WORK TASK: Everything from the opening line of the listing below to the line that has "Once the timer", inclusive, should be returned exactly, except the pictures.

DATA TO EXAMINE:
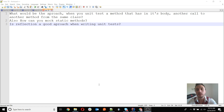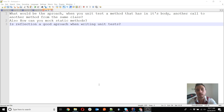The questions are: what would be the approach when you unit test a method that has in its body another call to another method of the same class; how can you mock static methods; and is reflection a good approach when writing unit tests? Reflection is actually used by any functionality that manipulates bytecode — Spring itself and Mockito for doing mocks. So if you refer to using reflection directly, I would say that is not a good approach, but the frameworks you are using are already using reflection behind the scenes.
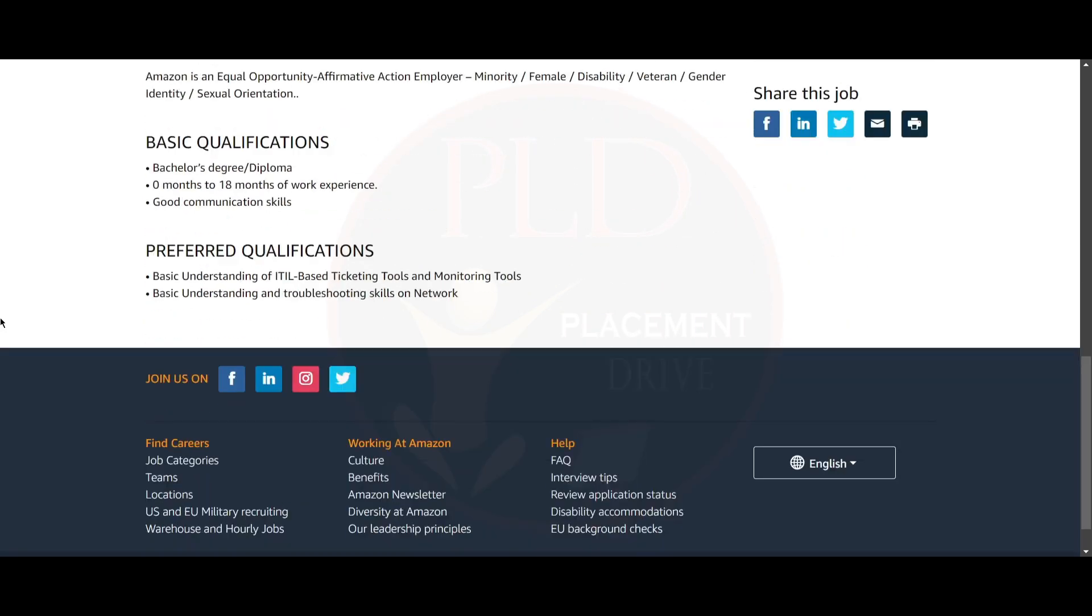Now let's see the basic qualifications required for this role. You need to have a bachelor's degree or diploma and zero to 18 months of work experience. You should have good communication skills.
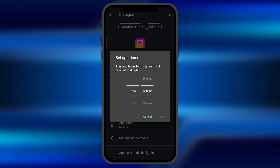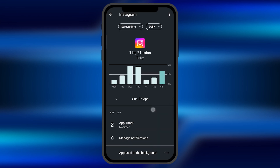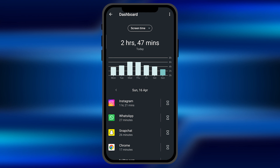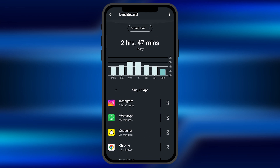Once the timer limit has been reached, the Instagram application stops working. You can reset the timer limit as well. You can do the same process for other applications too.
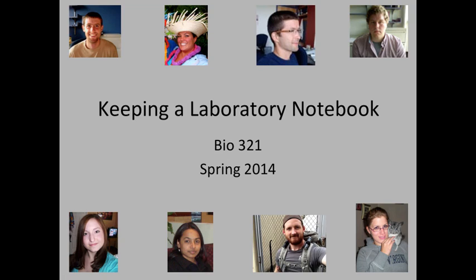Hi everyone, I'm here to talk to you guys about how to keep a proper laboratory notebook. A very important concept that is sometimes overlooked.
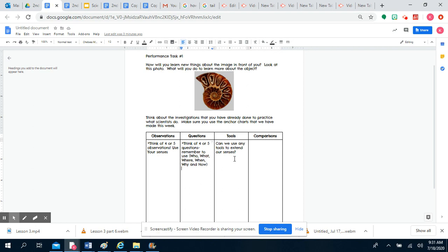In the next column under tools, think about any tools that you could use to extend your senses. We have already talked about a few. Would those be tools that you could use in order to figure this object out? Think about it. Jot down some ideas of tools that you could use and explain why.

TASK SOLUTION:
The questions are: what would be the approach when you unit test a method that has in its body another call to another method of the same class; how can you mock static methods; and is reflection a good approach when writing unit tests? Reflection is actually used by any functionality that manipulates bytecode — Spring itself and Mockito for doing mocks. So if you refer to using reflection directly, I would say that is not a good approach, but the frameworks you are using are already using reflection behind the scenes.
Now let's see the basic qualifications required for this role. You need to have a bachelor's degree or diploma and zero to 18 months of work experience. You should have good communication skills.
Once the timer limit has been reached, the Instagram application stops working. You can reset the timer limit as well. You can do the same process for other applications too.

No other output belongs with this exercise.